Let’s be clear, this degree of disruption is scary for any team going through it. It’s scary to organizations who employ tens of thousands, if not hundreds of thousands, of employees based on a certain value proposition and way of working today…which has changed little in 50 years but could change dramatically in the next 5–10 years. It’s also scary to our society, as we try to contemplate what these shifts means for our labor markets and our economies, and how rapidly they might advance upon us.
But this is where the form of design comes in, and helps take the scary away. Elevated design is not just about a resulting customer experience. It’s more than that. It’s about a way of working….seeing every challenge as a design problem. Designers have a rich set of tools and methods at their disposal to work through problems. They recognize the greatest insights and the most impactful outcomes come from collaborative problem-solving with diverse groups of individuals representing a range of backgrounds, points of view, and areas of expertise. Designers are not afraid of complex problems; they approach every problem with a “How Might We” mentality, knowing that no matter how wicked the problem, we can — without question and despite constraints — change our current state to an improved state through disciplined effort.
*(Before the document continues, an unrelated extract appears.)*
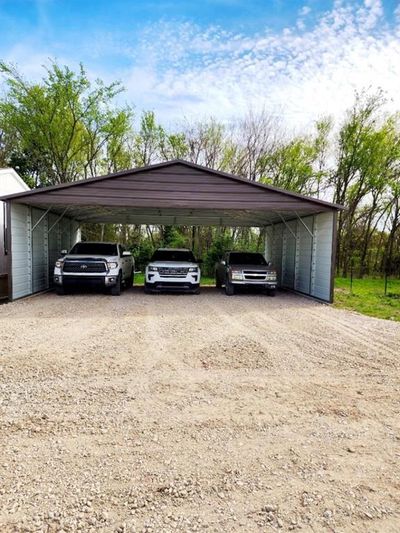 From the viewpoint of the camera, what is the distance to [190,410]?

Elevated design is not just about a resulting customer experience. It’s more than that. It’s about a way of working….seeing every challenge as a design problem.
This application of design methods to a broad spectrum of ostensibly “non-design” problems is essentially what the awkward term “Design Thinking” represents. But to give it a label, and have that label restricted to “only” improving the current customer experience, dramatically undervalues its potential in application.
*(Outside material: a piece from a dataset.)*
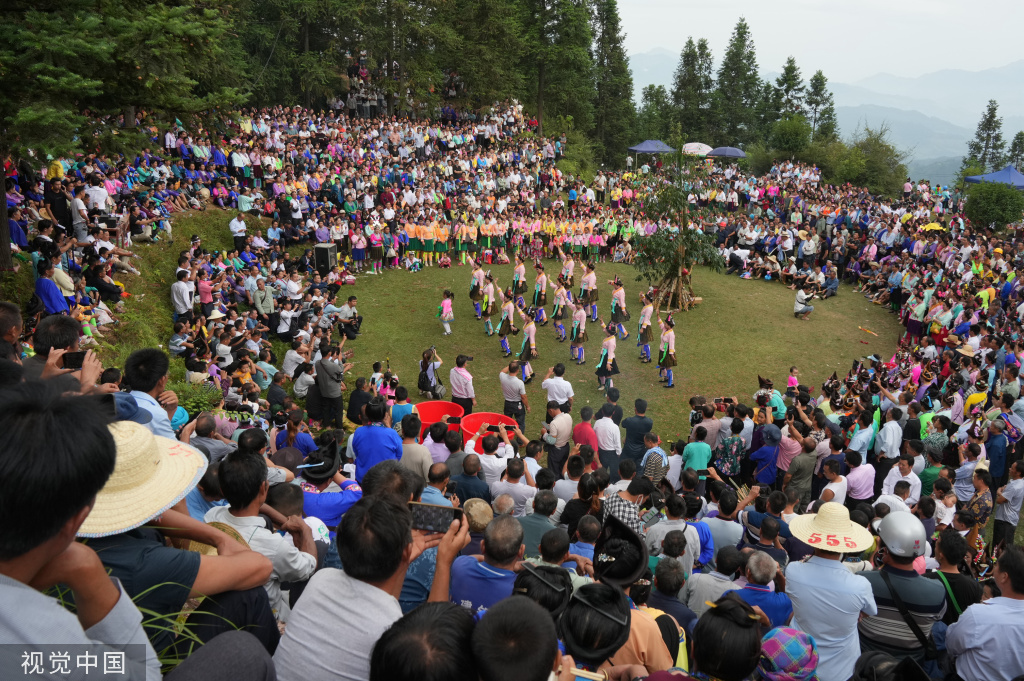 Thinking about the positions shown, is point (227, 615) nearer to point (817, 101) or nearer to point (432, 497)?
point (432, 497)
At Autodesk, our evolution has been successful, in part, because we have had two leaders partnering up to simultaneously represent these dual streams around form and substance. My colleague, Joanna Cook, is a professional designer who runs a large design organization, and she plays a leading role in improving the substance of design…delivering better experiences for customers of our products and services. I, as Chief of Staff for the product development organization, spend the majority of my time on strategic, financial, and operational efforts designed to shape our ~3,000 person product organization. But, crucially, I am also a passionate advocate, instructor, and facilitator of Human Centered Design, and I bring those skills to the interactions of our leadership team as we work to transform the organization. Joanna and I perform different kinds of work in different domains, but we are both relentless about viewing the challenges in front of us and our teams as design problems. And by working in partnership with one another, threading our efforts together, we help ensure our joint success.
In sum, the substance of design helps organizations deliver better experiences to their customers, but the form of design can help organizations face imminent industry disruption head-on, re-make themselves, and remain thriving entities over time. The former helps improve the experiences of today, the latter provides the means to remain vibrant, relevant, and adaptable over time. Both streams are important, and the confluence of the two is what truly allows an organization to maximize the value of being more design-centric.